At this point, we can start to make things better. Using a single bug, we’ve discovered a flaw in our code and (more importantly perhaps) a flaw in our processes. The product spec is created entirely by non-technical client managers and product analysts. They had no particular knowledge of specific database technologies, nor should they. Their job is to specify what the system does. The developer’s job is to handle details such as database vendors.

Our solution was to¬† get development far more involved in creation of the product spec. Broadly the client managers will create a functional spec and the developers will add any non-functional requirements such as database vendors, compatibilities, response times, security features and so on. Now that this is included in the product spec, the test script must include specific tests for these issues and they’re far more likely to be caught during testing.
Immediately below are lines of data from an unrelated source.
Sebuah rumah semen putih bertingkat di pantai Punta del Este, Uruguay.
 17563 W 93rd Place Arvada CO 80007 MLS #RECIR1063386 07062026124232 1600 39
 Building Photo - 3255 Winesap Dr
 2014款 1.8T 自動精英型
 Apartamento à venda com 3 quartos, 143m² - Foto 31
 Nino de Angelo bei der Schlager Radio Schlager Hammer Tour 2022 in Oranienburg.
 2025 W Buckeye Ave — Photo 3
For that matter, they’re more likely to be caught by development as we had a hand in creating the requirement.

Note specifically that none of the answers to the why questions are “because x is incompetent”. I’ve identified at least three people who could be said to be to blame for the error. However it does not benefit us to apportion the blame to any of them. None of us could fix the underlying problem by ourselves. The tester needs development technicians to help client managers to write better specs. While the idea of blaming others (or ourselves) can be satisfying, it’s ultimately unhelpful. First of all, it makes no attempt to improve a situation – no-one ever asks why. Second, if we know we are going to be blamed when things go wrong, it doesn’t make us less likely to make mistakes. It only makes us less likely to report them. And you can’t fix what you don’t know about.